Çok zayıf olduğu için neredeyse düşüyordu ama masanın kenarına tutunmak için ellerini telaşla uzatmayı başardı. Çevredeki havanın çalkantılı olduğunu, sanki içinde hafif mırıltılar yankılanıyormuş gibi hissetti. Bu duygu, gençken yaşlılar tarafından anlatılan korku hikayelerini duymaya benziyordu.
Her şeyin bir illüzyon olduğuna inanarak başını salladı. Zhou Mingrui dengesini buldu ve nefes almak için çabalarken bakışlarını defterden kaydırdı.
Bu sefer bakışları parıldayan pirinç tabancaya takıldı. Aniden içinde bir soru belirdi.
Klein’ın aile durumuyla, bir tabanca satın almak için nasıl paraya veya araçlara sahip olabilirler?
Zhou Mingrui kaşlarını çatmaktan kendini alamadı.

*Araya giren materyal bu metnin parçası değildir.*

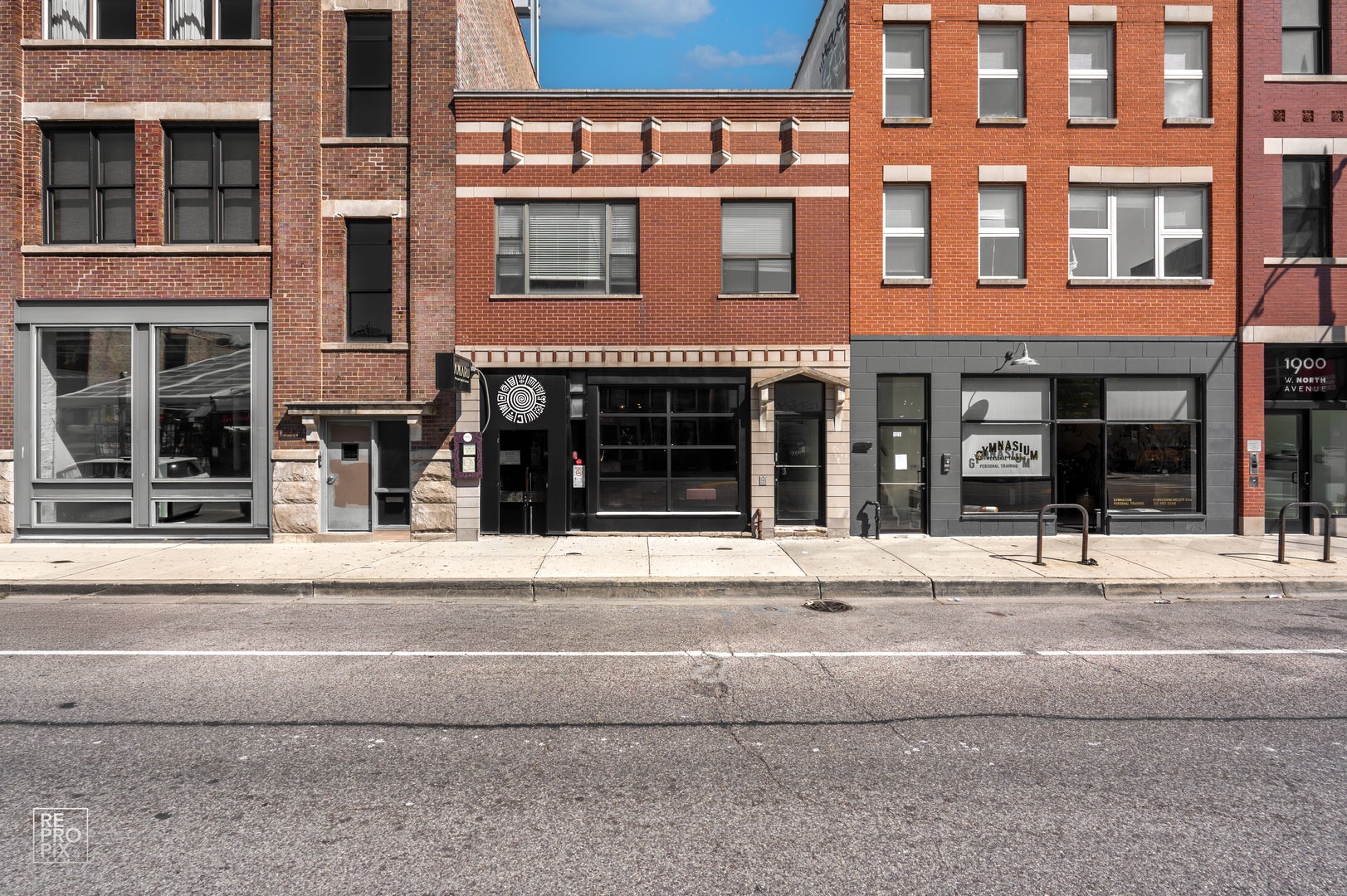 1904 W North Avenue 2 — photo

Derin düşüncelere dalmışken, aniden masanın kenarında kırmızı bir el izi keşfetti. Rengi ay ışığından daha derin ve ‘peçe’den çok daha kalındı.
Kanlı bir el iziydi!
“Kanlı bir el izi mi?” Zhou Mingrui bilinçsizce masanın kenarını tutan sağ elini çevirdi. Aşağı baktığında avucunun ve parmaklarının kanla kaplı olduğunu gördü.
Aynı zamanda başındaki zonklayan ağrı da devam etti. Biraz zayıflamış olsa da aralıksız devam etti.
Kafamı parçaladım mı? “nywebnovel.com” Zhou Mingrui arkasını dönüp kırık bir tuvalet aynasına doğru yürürken tahmin etti.
Birkaç adım sonra, siyah saçlı, orta yapılı ve kahverengi gözlü bir figür önünde açıkça belirdi. Kişinin kendine özgü bir ilmi havası vardı.
Bu şimdiki ben miyim? Klein Moretti mi?
Zhou Mingrui bir an şaşkına döndü. Geceleri yetersiz aydınlatma olduğu için net bir şey göremedi. Aynaya çarpmasına sadece bir adım kalana kadar ilerlemeye devam etti.
Kıpkırmızı peçeyi andıran ay ışığını aydınlatma olarak kullanarak başını çevirdi ve alnının köşesini inceledi.
Aynada net bir yansıma belirdi. Tapınağının çevresinde yanık izleri olan grotesk bir yara vardı. Yaranın çevresi kanla lekelenmişti ve içinde yavaşça kıvranan grimsi beyaz beyin suları vardı.